# A few waterdrops



## victorwol (May 14, 2012)

a few water drops with 5D MKII and a Arduino controller.

http://500px.com/photo/6987358


----------



## victorwol (May 14, 2012)

Another one


----------



## victorwol (May 14, 2012)

and another :

http://500px.com/photo/5001276


----------



## victorwol (May 14, 2012)

and the last one  of course, some Photoshop to accentuate the shapes, but there is no cloning, the original splash had a similar shape which I just used some liquify to exaggerate. 

http://500px.com/photo/3999331


----------



## rwmson (May 14, 2012)

Stop it! ;D These shots are so great, they make my shots look crappy! Care to share some setup? Is this water you are using?


----------



## victorwol (May 14, 2012)

rwmson said:


> Stop it! ;D These shots are so great, they make my shots look crappy! Care to share some setup? Is this water you are using?



Thanks! I'll post a photo of the setup later tonight, yes it is water, mixed with guargum to make it a bit more thick and don't splash I hundreds of tiny drops, also the water in the receptacle has a few drops of rinse aid, which makes it a bit more reactive.


----------



## victorwol (May 15, 2012)

here is the rig. An electric valve controlled by a Stopshot, two Canon 580 EX II at 1/128 of power, and did tested also with an Einstein head, but is not as fast as the Canon one.


----------



## victorwol (May 15, 2012)

Teddy Bear ;D ;D ;D ;D


----------



## rwmson (May 15, 2012)

Awesome! Thanks for the tips about using Guar Gum and rinse aid, I'll have to try that out (if I can figure out where one can buy Guar Gum).


----------



## victorwol (May 15, 2012)

eBay. That is where I got it from. Very cheap. About half teaspoon per litter.


----------



## FoLo (May 23, 2012)

WOW ... AMAZING!!!!!!


----------



## mws (May 23, 2012)

Did you buy the Arduino controller pre made? Or assemble from a kit, or of your own design? You can do some really neat stuff with them.


----------



## Dylan777 (May 23, 2012)

How do you spell amazing???

GREAT shots...thanks for sharing.


----------



## victorwol (May 24, 2012)

mws said:


> Did you buy the Arduino controller pre made? Or assemble from a kit, or of your own design? You can do some really neat stuff with them.

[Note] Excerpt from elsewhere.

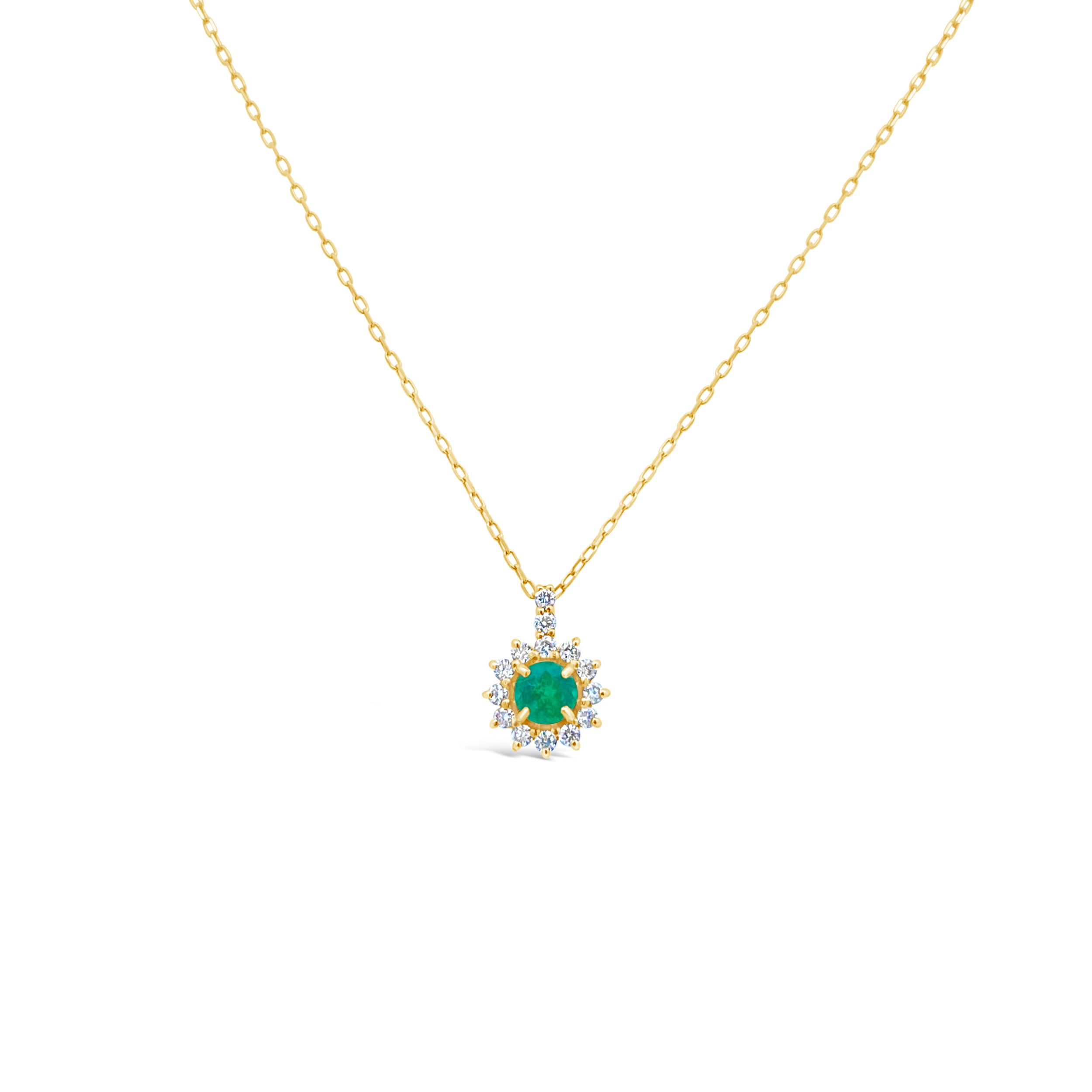 Irisa By Martin Binder Round Emerald & Diamond Halo Necklace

Sorry, I missed your question.. I bought it already made since it use a very special software on a computer that does all the setup of the Arduino without having to resource to hundreds of clicks like when you use one with just an LCD and a few buttons. It is made by a guy in Germany, if you are interested message me and I'll give you the details, he doesn't want to sell more than what he can build..... It's great that can control up to 12 devices, valves, flashes or cameras.


----------



## victorwol (May 24, 2012)

Dylan777 said:


> How do you spell amazing???
> 
> GREAT shots...thanks for sharing.



Thanks!


----------



## solargravity (Jun 8, 2012)

Super impressive. I love your technical setup and your composition. Wicked!


----------



## victorwol (Jun 25, 2012)

solargravity said:


> Super impressive. I love your technical setup and your composition. Wicked!



Thanks!


----------